Structured analytics quick reference guide

This guide provides step-by-step instructions for creating and administering structured analytics. In particular, it discusses how to take advantage of running multiple structured analytics sets on the email threading and textual near duplicate operations. The main sections are as follows:

  1. Creating a structured analytics set

  2. Running and re-running a structured analytics set

  3. Using the Copy to Legacy Fields button

This quick reference guide does not explain the operations themselves, but focuses on the administration of the structured analytics features.

For more detailed instructions, see the Analytics section of the documentation site.

Creating a Structured Analytics Set

Create your structured analytics set as follows:

  1. From the Indexing & Analytics tab, select the Structured Analytics Set subtab, and then click New Structured Analytics Set.

  2. Give your set a name, and then specify a set prefix.
    The set prefix is a required field regardless of which operations you select, but is only used for email threading and textual near duplicate identification. If you are using threading or near dupes and will use the resultant fields in saved searches, views, etc., we recommend using a short prefix such as “S1”. This allows you to fit more fields across the top of the screen. If you are not using the fields frequently in saved searches or views, a more descriptive prefix such as “TestUsingEmailHeaders” might be more convenient.

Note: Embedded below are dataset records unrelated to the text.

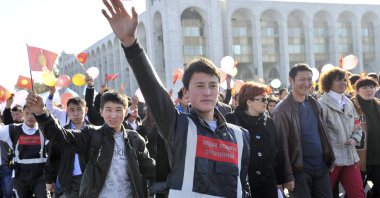 "All approaches to youth policy in Central Asia should be evaluated in line with the political conjuncture of the region. Youth policy is mainly shaped around this sense of patriotism and civic responsibility through nongovernmental organizations (NGOs) to contribute to the moral and intellectual rhetoric of the governments." Bishkek, Kyrgyzstan, Oct. 25, 2011. (AP Photo)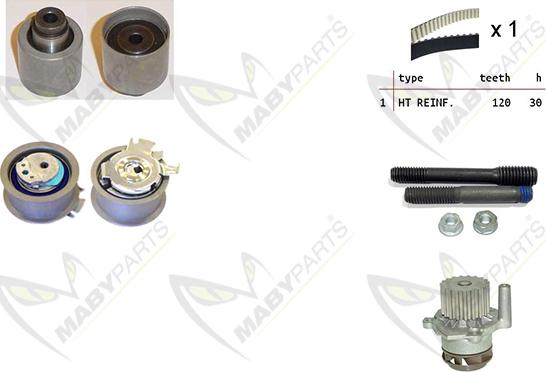 Mabyparts OBKWP0062 - Water Pump & Timing Belt Set autospares.lv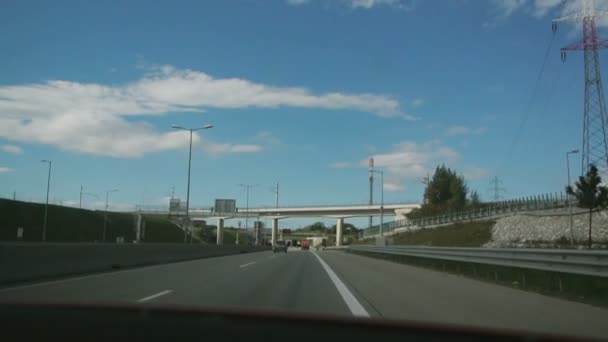 Ουγγαρία Circa 2016 Αυτοκινητόδρομος Φορτηγά Οδήγηση Στο Δρόμο Παράδοση Αγαθών — Αρχείο Βίντεο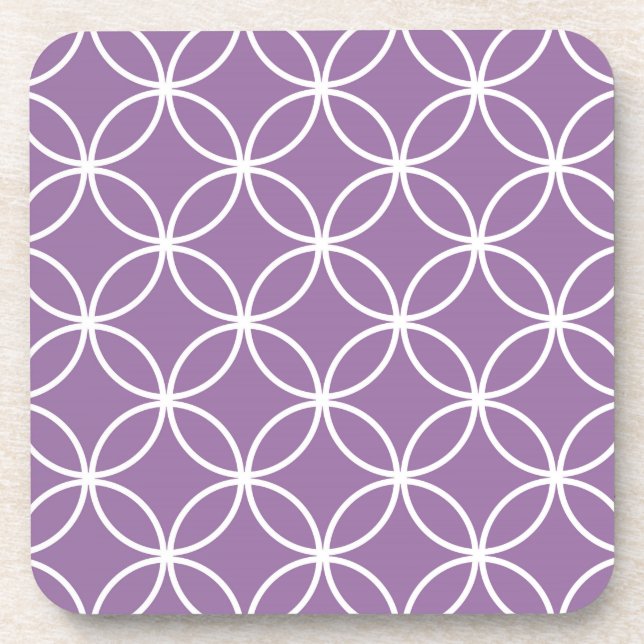 Cute Circles Geometric Pattern Lavender Purple Coaster (Front)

  3. Select one or more operations that you want to run. Take note of the following considerations:

    • We always recommend that you run repeated content identification on a random sample of your data for sets larger than 100,000 documents. For this reason, it’s not common to run it together with other operations. For more information, see Sampling for repeated content on the documentation site.

    • If email threading and textual near duplicate identification are run together, only the non-emails are analyzed for near duplicates. To run near duplicate identification on emails, run it in a set that does not include email threading.

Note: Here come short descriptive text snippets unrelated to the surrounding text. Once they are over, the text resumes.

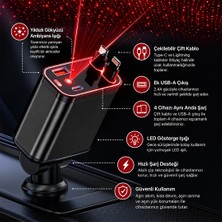 Tekno Hediye Araç Çakmaklık Şarj Cihazı Dahili Çekilebilir Type-C Lightning Çift Kablo Ambiyans Işıklı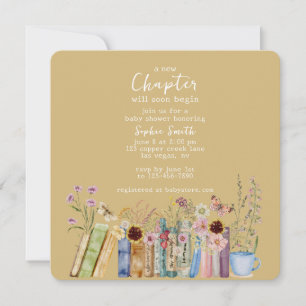 Invitation Livres vintages Un Nouveau Baby shower De Chapitre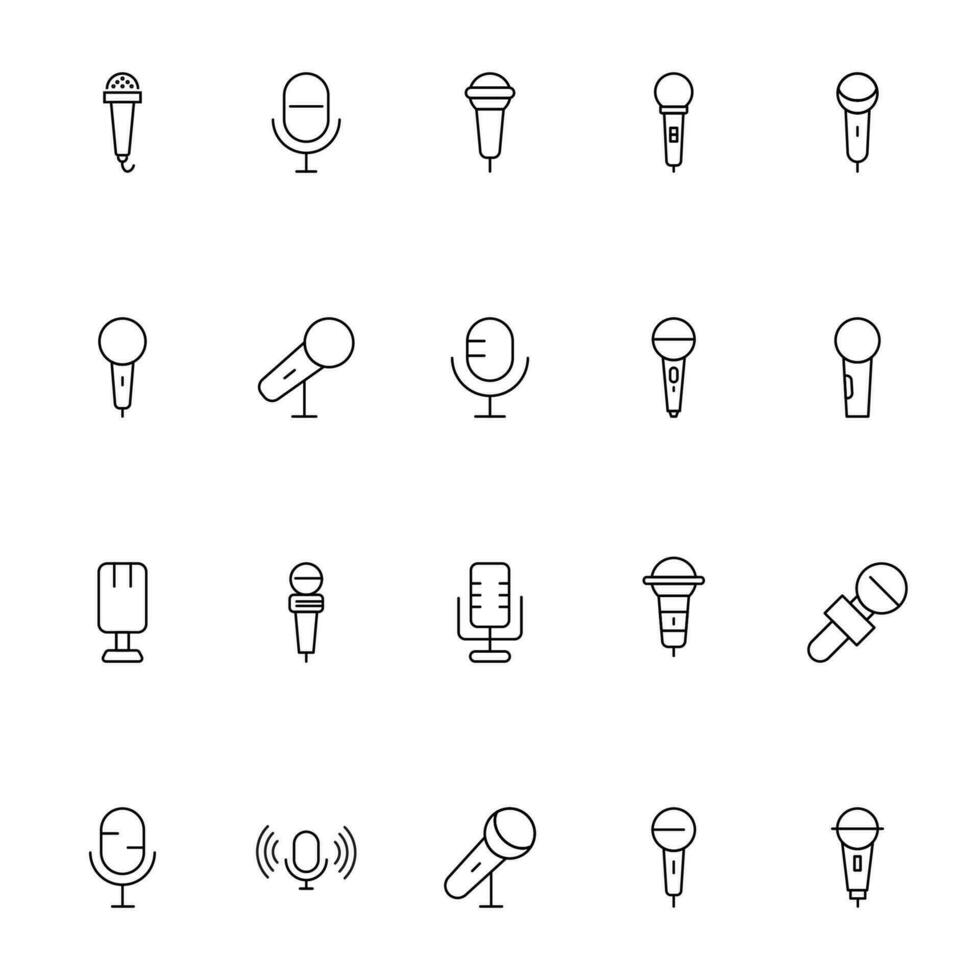 Microphone Vector Icons Collection. Suitable for books, stores, shops. Editable stroke in minimalistic outline style. Symbol for design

  4. Select a saved search as the data source that includes all documents to be analyzed.

    Note: The fields returned by this search do not matter. Structured analytics always analyzes either the Extracted Text field, or an equivalent field chosen in the Select field to analyze setting. For email threading, it also analyzes other fields specified in the analytics profile.

  5. Set the operation-specific settings. The details for each of these settings are beyond the scope of this guide, but explanations can be found in the Running structured analytics topic on the documentation site.

  6. If using email threading or textual near duplicate identification, map the required fields to document-level relational fields.
    There are two such fields for email threading, Email Thread Group and Email Duplicate ID, and one for near duplicates, Textual Near Duplicate Group. When using structured analytics in review, we recommend mapping to relational fields. However, it’s possible to map these fields to non-relational fixed-length text fields, and you might want to do this if you do not require relational capabilities. Common examples include troubleshooting a particular email thread or experimenting with a regular expression filter on a small set of data.

  7. Set any optional settings you want:

    • Email notification list—list any email addresses that you want to receive structured analytics job status notification emails.

    • Regular expression filter—link a regular expression filter. This is not common, but can be particularly useful when you have extraneous text in emails, such as Bates numbers or page numbers. Such text can prevent email threading from successfully performing its analysis. Note that in structured analytics, only one filter can be applied; to strip out multiple patterns, you can join them with a vertical pipe character (“|”). For more information, see Using regular expressions with structured analytics.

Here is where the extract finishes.